Data shown:
═══
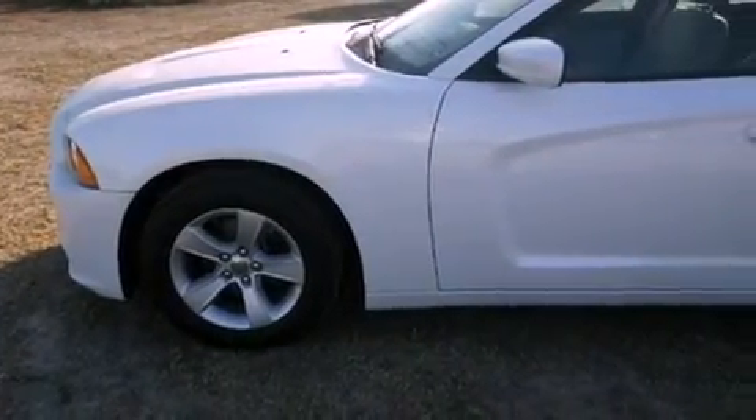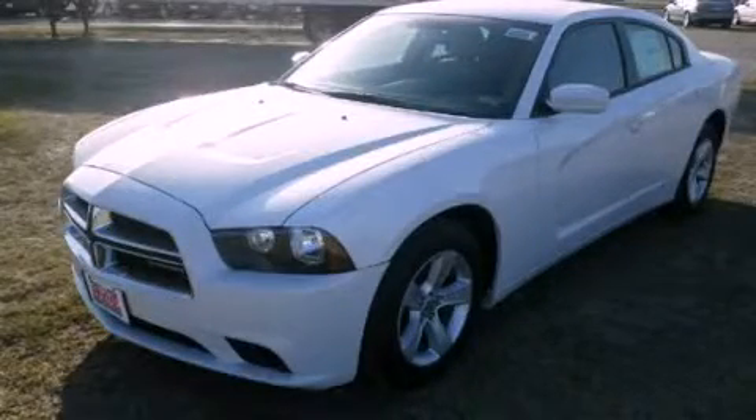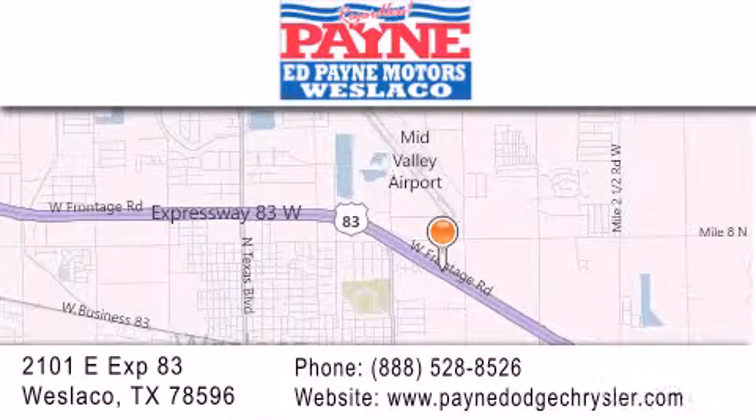We hope you found this video informative. Please contact us today. Thank you for considering Ed Payne Dodge for your next luxury vehicle. If you have any questions, please visit our website, give us a call, or stop by our dealership at 2101 East Expressway 83 in West Laco.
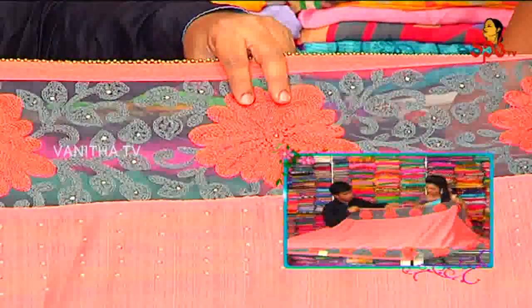Creeper pattern, we have the same thread work. But flower branch, we have a dark orange shade.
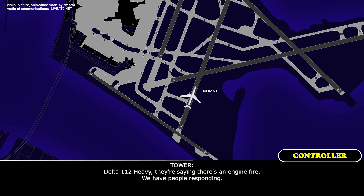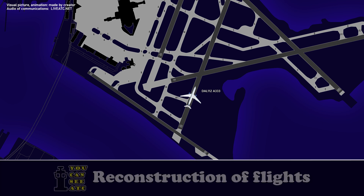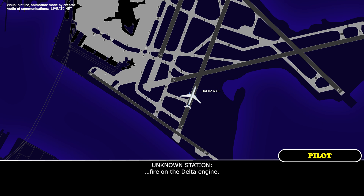1-12 heavy, they're saying there's an engine fire, we have people responding. Copy, 1-12 set the truck. There's a fire on that Delta engine. Yeah, we got it, thank you.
═══
Assigned task:
Pass over the images and copy the rest of the material above exactly.

Answer area:
We hope you found this video informative. Please contact us today. Thank you for considering Ed Payne Dodge for your next luxury vehicle. If you have any questions, please visit our website, give us a call, or stop by our dealership at 2101 East Expressway 83 in West Laco.
Creeper pattern, we have the same thread work. But flower branch, we have a dark orange shade.
1-12 heavy, they're saying there's an engine fire, we have people responding. Copy, 1-12 set the truck. There's a fire on that Delta engine. Yeah, we got it, thank you.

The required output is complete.